## ACTION ITEM:
Could you return all of the records exactly, minus their images?

Stored entries:

##############################

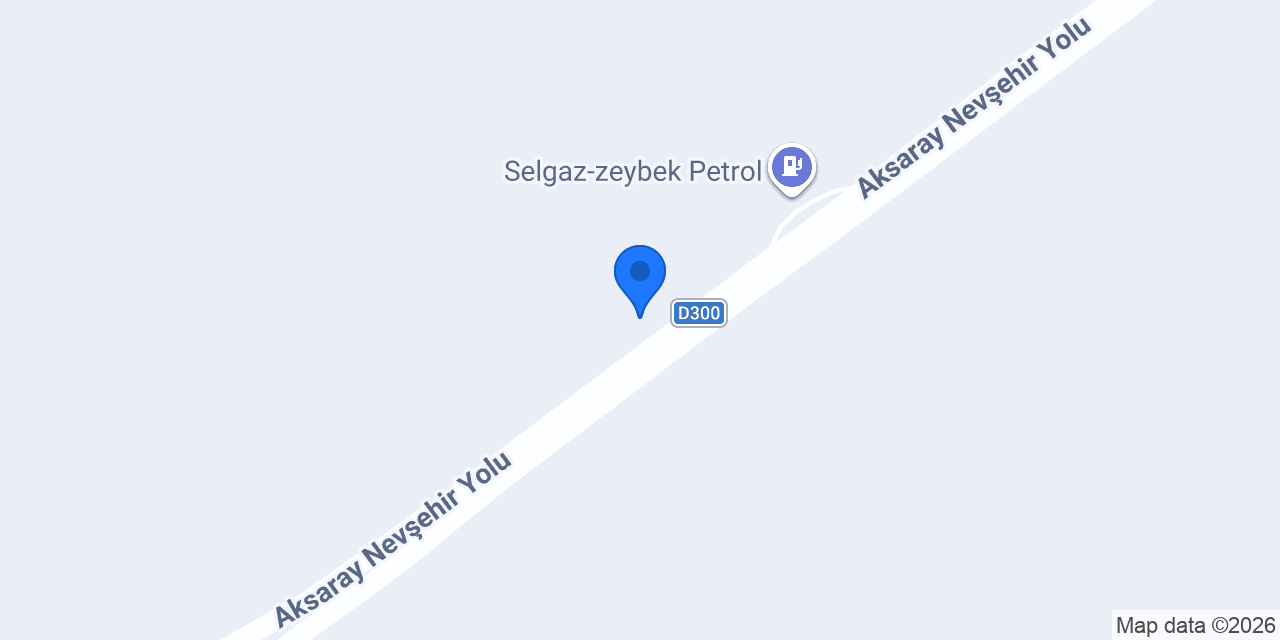 KARAMUSAOĞULLARI HAZIR BETON konumu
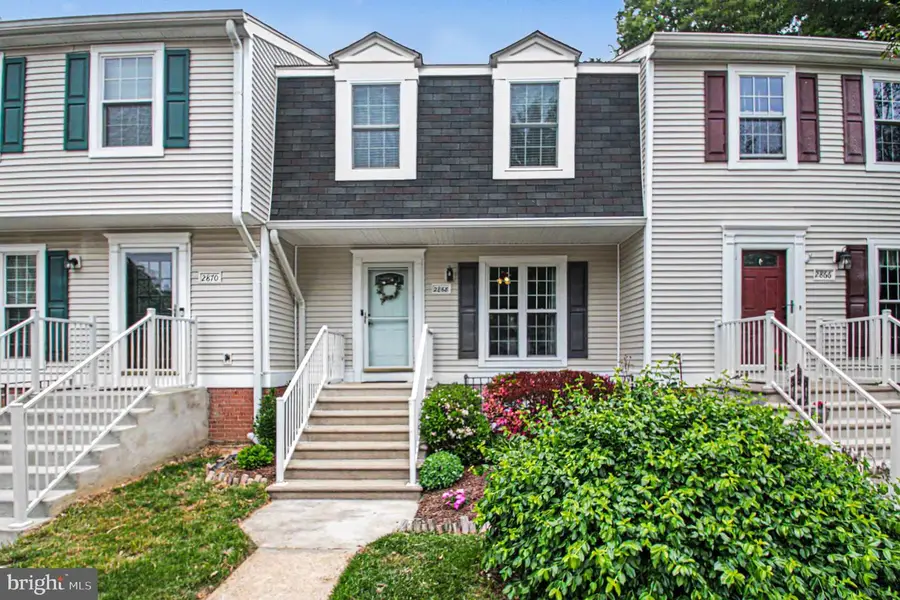 2868 Burgundy Pl, Woodbridge, VA 22192 - #2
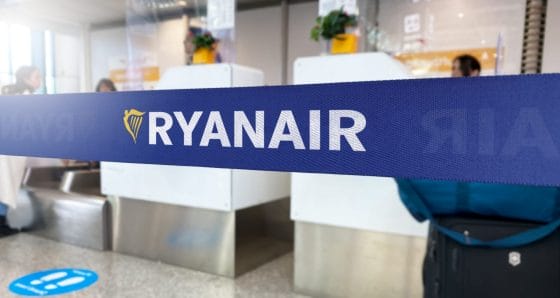 Ryanair vs eDreams, condannata la low cost
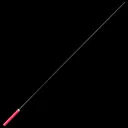 Tapco TAP22077 Double Coated Rifle Rod 22 Cal-6.5mm AR Platform 30" - TAPCO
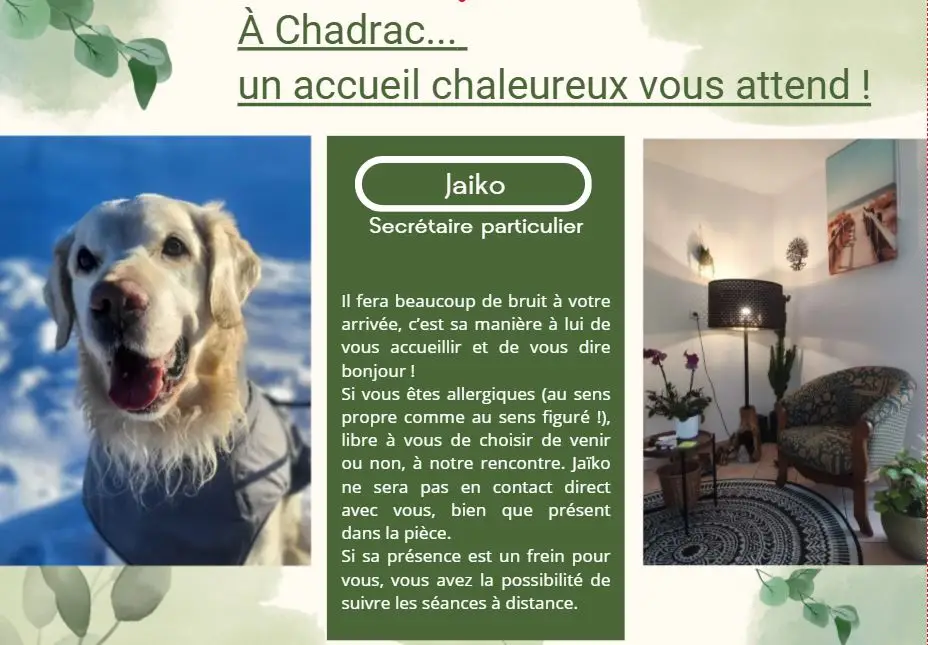 Christelle Ville accompagne essentiellement des femmes, mais aussi des hommes, qui ont besoin de se retrouver et de prendre leur place, tant sur le plan personnel que professionnel.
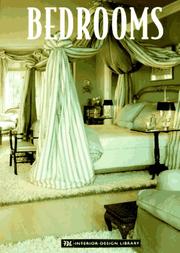 Cover of: Bedrooms (Interior Design Library)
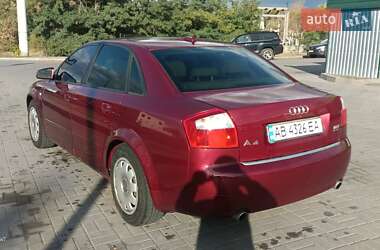 Audi A4  2004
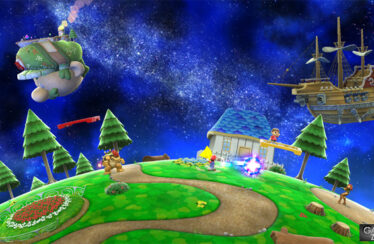 Super Smash Bros 1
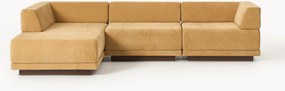 Sofá de canto modular Colin (4 lugares)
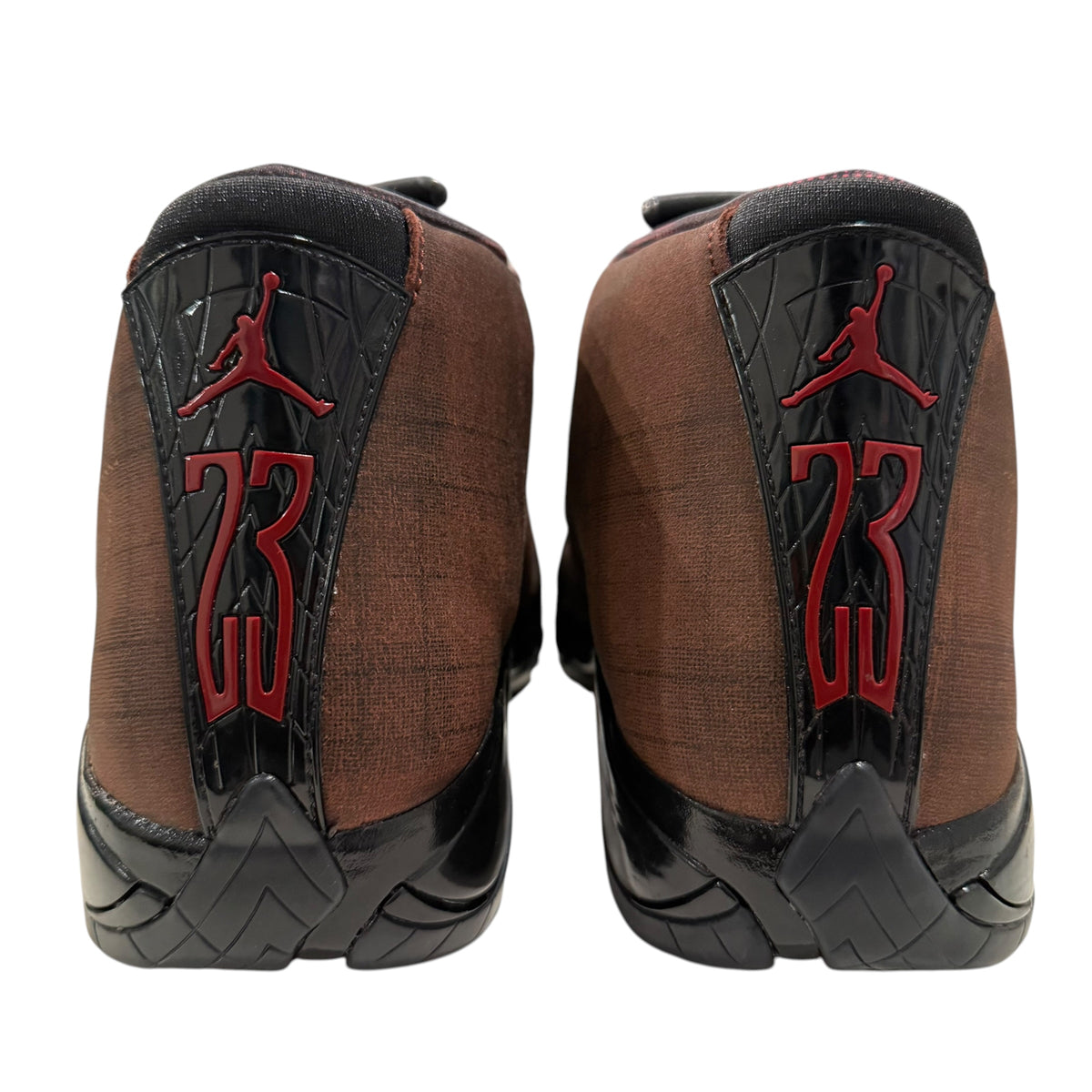 NEW Mowalola x Air Jordan 14 “Burnt Red”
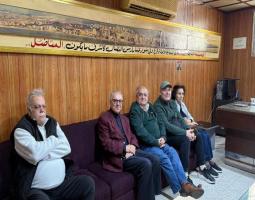 صيدا توحّد الجهود لاحتضان أهل الجنوب في اجتماع بلدي بدعوة من النائب الدكتور أسامة سعد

##############################

## TASK RESPONSE:
 KARAMUSAOĞULLARI HAZIR BETON konumu
 2868 Burgundy Pl, Woodbridge, VA 22192 - #2
 Ryanair vs eDreams, condannata la low cost
 Tapco TAP22077 Double Coated Rifle Rod 22 Cal-6.5mm AR Platform 30" - TAPCO
 Christelle Ville accompagne essentiellement des femmes, mais aussi des hommes, qui ont besoin de se retrouver et de prendre leur place, tant sur le plan personnel que professionnel.
 Cover of: Bedrooms (Interior Design Library)
 Audi A4  2004
 Super Smash Bros 1
 Sofá de canto modular Colin (4 lugares)
 NEW Mowalola x Air Jordan 14 “Burnt Red”
 صيدا توحّد الجهود لاحتضان أهل الجنوب في اجتماع بلدي بدعوة من النائب الدكتور أسامة سعد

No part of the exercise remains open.